* _PROBLEM DESCRIPTION_: Every entry in the following listing must be restated word for word, though not its pictures.

* _GIVEN DATA_:
───

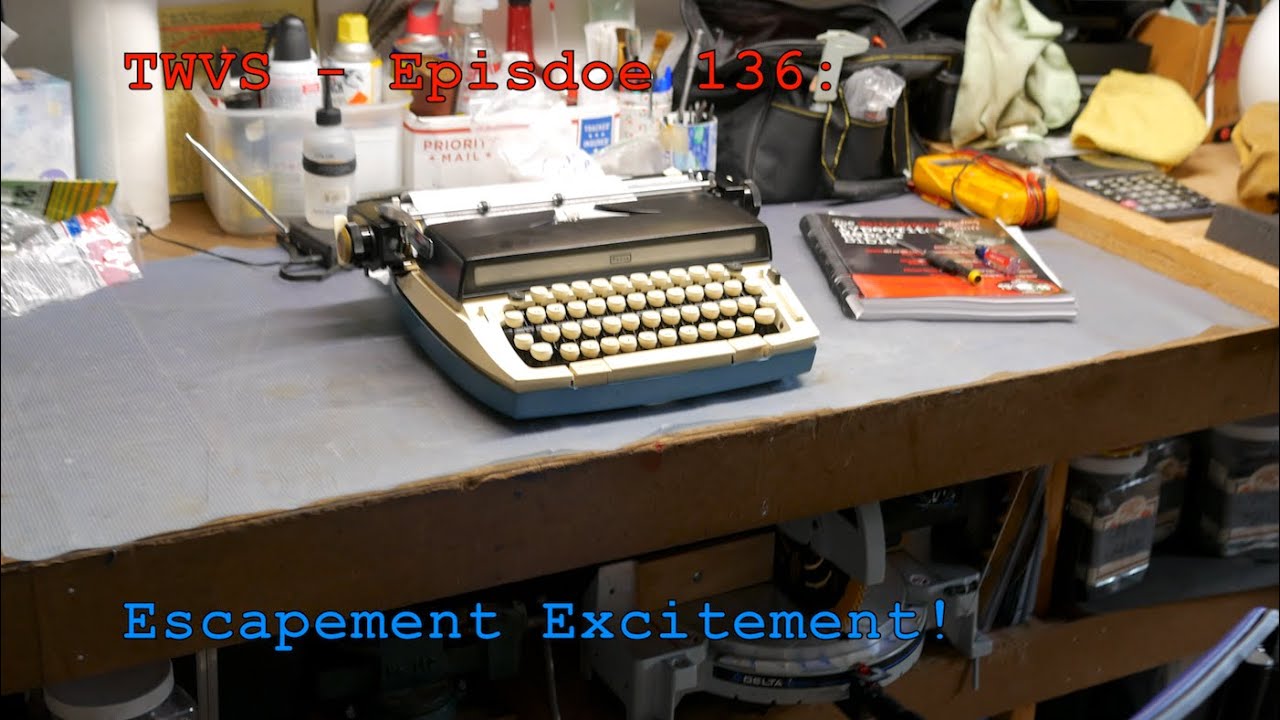 Typewriter Video Series - Episode 136: Escapement Excitement!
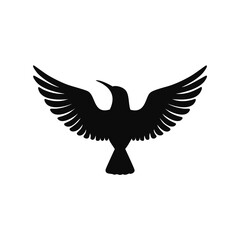 Animal and Bird Silhouette Icons Set – Vector Collection of Farm Animals, Birds, and Pets in Black Silhouette Style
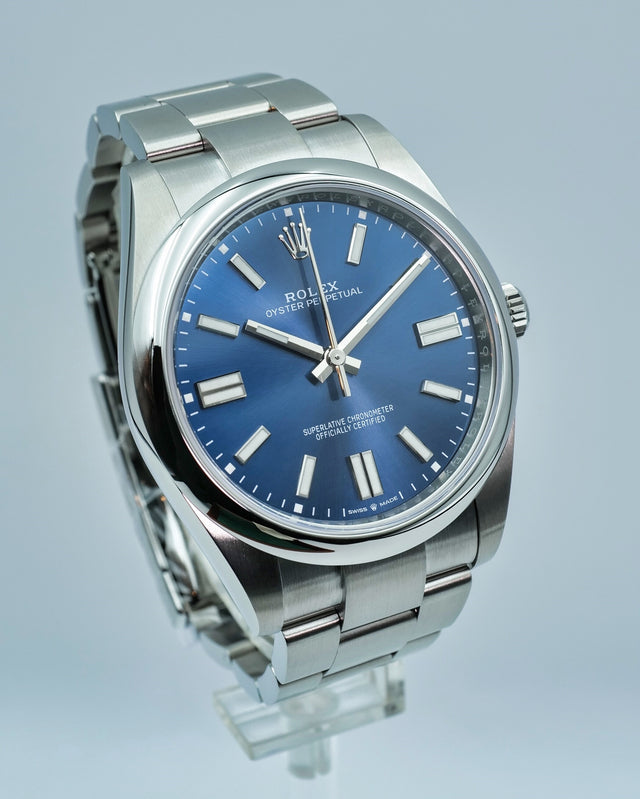 Rolex 124300 Oyster Perpetual 41mm with Blue Dial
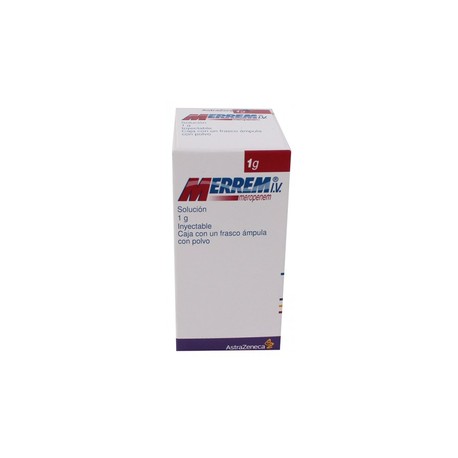 MERREM (MEROPENEM) FCO AMP 1G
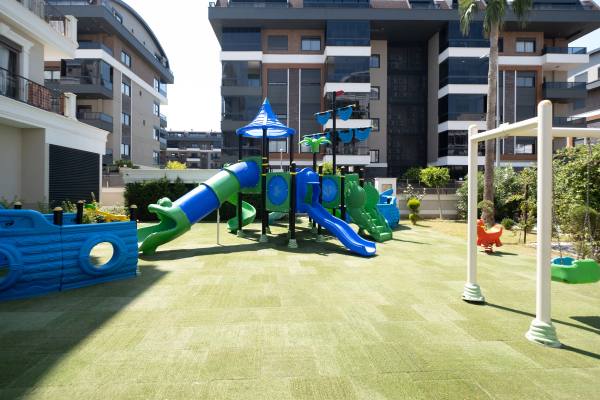 Alanya, Oba Voyage Deluxe Sitesinde Satılık 1+1 Yatırımlık Daire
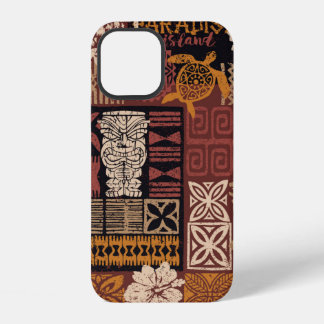 Patchwork van Hawaiiaanse stijl tribale motieven iPhone 12 Hoesje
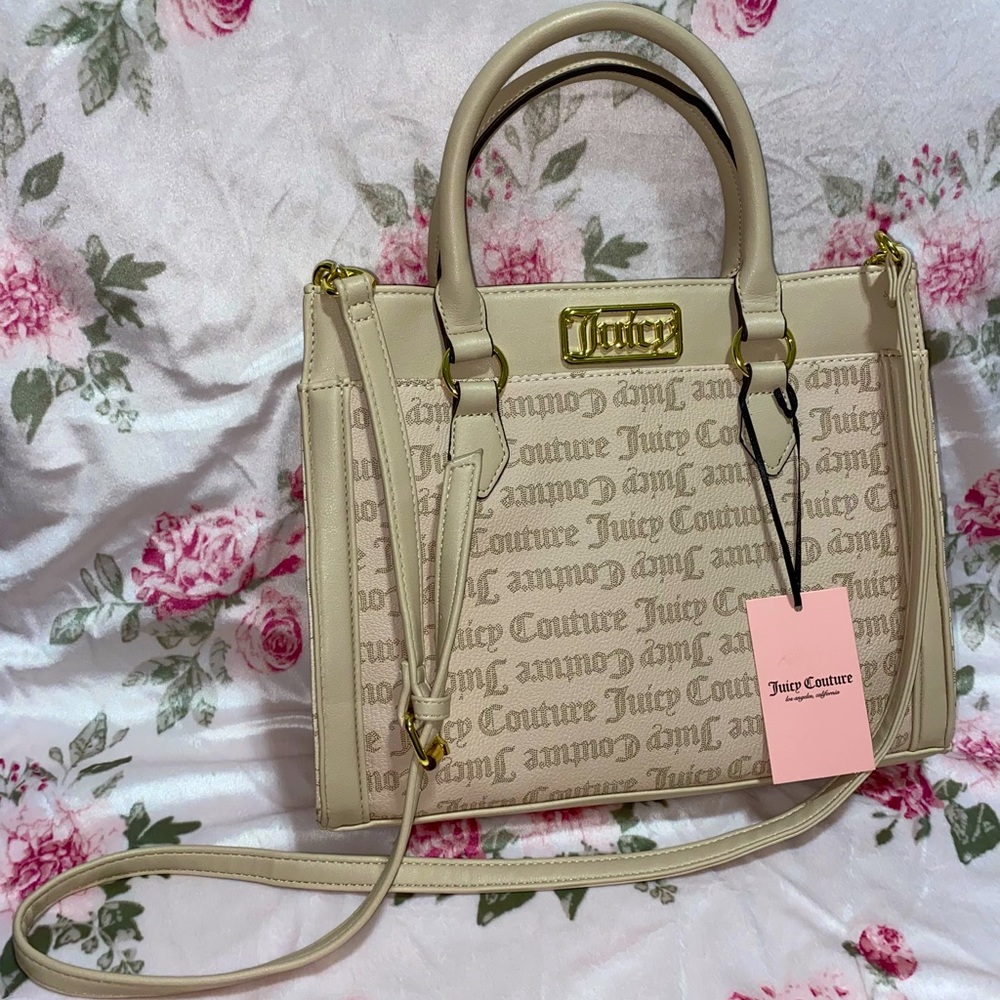 Juicy Couture Large Sandstone Logo Statement Tote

───

* _EXERCISE SOLUTION_:
 Typewriter Video Series - Episode 136: Escapement Excitement!
 Animal and Bird Silhouette Icons Set – Vector Collection of Farm Animals, Birds, and Pets in Black Silhouette Style
 Rolex 124300 Oyster Perpetual 41mm with Blue Dial
 MERREM (MEROPENEM) FCO AMP 1G
 Alanya, Oba Voyage Deluxe Sitesinde Satılık 1+1 Yatırımlık Daire
 Patchwork van Hawaiiaanse stijl tribale motieven iPhone 12 Hoesje
 Juicy Couture Large Sandstone Logo Statement Tote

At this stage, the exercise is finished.